Once you have read the data below, write it all out exactly.

** Opening Supplied entries block **

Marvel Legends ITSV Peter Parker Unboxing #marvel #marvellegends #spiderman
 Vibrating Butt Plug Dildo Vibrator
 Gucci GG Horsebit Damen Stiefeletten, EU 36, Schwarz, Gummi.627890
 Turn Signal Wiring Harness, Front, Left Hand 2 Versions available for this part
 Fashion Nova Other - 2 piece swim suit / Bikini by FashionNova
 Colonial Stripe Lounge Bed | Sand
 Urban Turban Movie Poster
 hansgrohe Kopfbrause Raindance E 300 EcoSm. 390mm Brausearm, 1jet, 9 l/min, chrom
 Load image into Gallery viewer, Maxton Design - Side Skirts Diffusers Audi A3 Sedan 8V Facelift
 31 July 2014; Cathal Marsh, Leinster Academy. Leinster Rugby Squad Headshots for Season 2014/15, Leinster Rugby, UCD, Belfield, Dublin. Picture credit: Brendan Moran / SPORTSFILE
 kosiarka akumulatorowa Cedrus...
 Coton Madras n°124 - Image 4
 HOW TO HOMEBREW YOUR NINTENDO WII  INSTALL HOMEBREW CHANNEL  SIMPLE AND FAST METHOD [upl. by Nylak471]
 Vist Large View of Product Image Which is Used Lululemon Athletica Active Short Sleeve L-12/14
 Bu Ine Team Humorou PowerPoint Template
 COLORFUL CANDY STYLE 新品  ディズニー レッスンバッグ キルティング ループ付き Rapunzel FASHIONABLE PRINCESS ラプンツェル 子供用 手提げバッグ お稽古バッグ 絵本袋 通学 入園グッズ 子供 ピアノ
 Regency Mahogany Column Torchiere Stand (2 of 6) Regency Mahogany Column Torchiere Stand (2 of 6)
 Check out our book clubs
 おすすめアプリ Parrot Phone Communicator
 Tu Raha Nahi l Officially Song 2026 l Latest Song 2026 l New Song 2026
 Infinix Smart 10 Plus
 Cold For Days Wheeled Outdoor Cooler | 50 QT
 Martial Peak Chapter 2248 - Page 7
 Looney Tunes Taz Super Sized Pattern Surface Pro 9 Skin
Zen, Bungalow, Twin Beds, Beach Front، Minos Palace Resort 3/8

** Closing Supplied entries block **

* _Answer to this task_
Marvel Legends ITSV Peter Parker Unboxing #marvel #marvellegends #spiderman
 Vibrating Butt Plug Dildo Vibrator
 Gucci GG Horsebit Damen Stiefeletten, EU 36, Schwarz, Gummi.627890
 Turn Signal Wiring Harness, Front, Left Hand 2 Versions available for this part
 Fashion Nova Other - 2 piece swim suit / Bikini by FashionNova
 Colonial Stripe Lounge Bed | Sand
 Urban Turban Movie Poster
 hansgrohe Kopfbrause Raindance E 300 EcoSm. 390mm Brausearm, 1jet, 9 l/min, chrom
 Load image into Gallery viewer, Maxton Design - Side Skirts Diffusers Audi A3 Sedan 8V Facelift
 31 July 2014; Cathal Marsh, Leinster Academy. Leinster Rugby Squad Headshots for Season 2014/15, Leinster Rugby, UCD, Belfield, Dublin. Picture credit: Brendan Moran / SPORTSFILE
 kosiarka akumulatorowa Cedrus...
 Coton Madras n°124 - Image 4
 HOW TO HOMEBREW YOUR NINTENDO WII  INSTALL HOMEBREW CHANNEL  SIMPLE AND FAST METHOD [upl. by Nylak471]
 Vist Large View of Product Image Which is Used Lululemon Athletica Active Short Sleeve L-12/14
 Bu Ine Team Humorou PowerPoint Template
 COLORFUL CANDY STYLE 新品  ディズニー レッスンバッグ キルティング ループ付き Rapunzel FASHIONABLE PRINCESS ラプンツェル 子供用 手提げバッグ お稽古バッグ 絵本袋 通学 入園グッズ 子供 ピアノ
 Regency Mahogany Column Torchiere Stand (2 of 6) Regency Mahogany Column Torchiere Stand (2 of 6)
 Check out our book clubs
 おすすめアプリ Parrot Phone Communicator
 Tu Raha Nahi l Officially Song 2026 l Latest Song 2026 l New Song 2026
 Infinix Smart 10 Plus
 Cold For Days Wheeled Outdoor Cooler | 50 QT
 Martial Peak Chapter 2248 - Page 7
 Looney Tunes Taz Super Sized Pattern Surface Pro 9 Skin
Zen, Bungalow, Twin Beds, Beach Front، Minos Palace Resort 3/8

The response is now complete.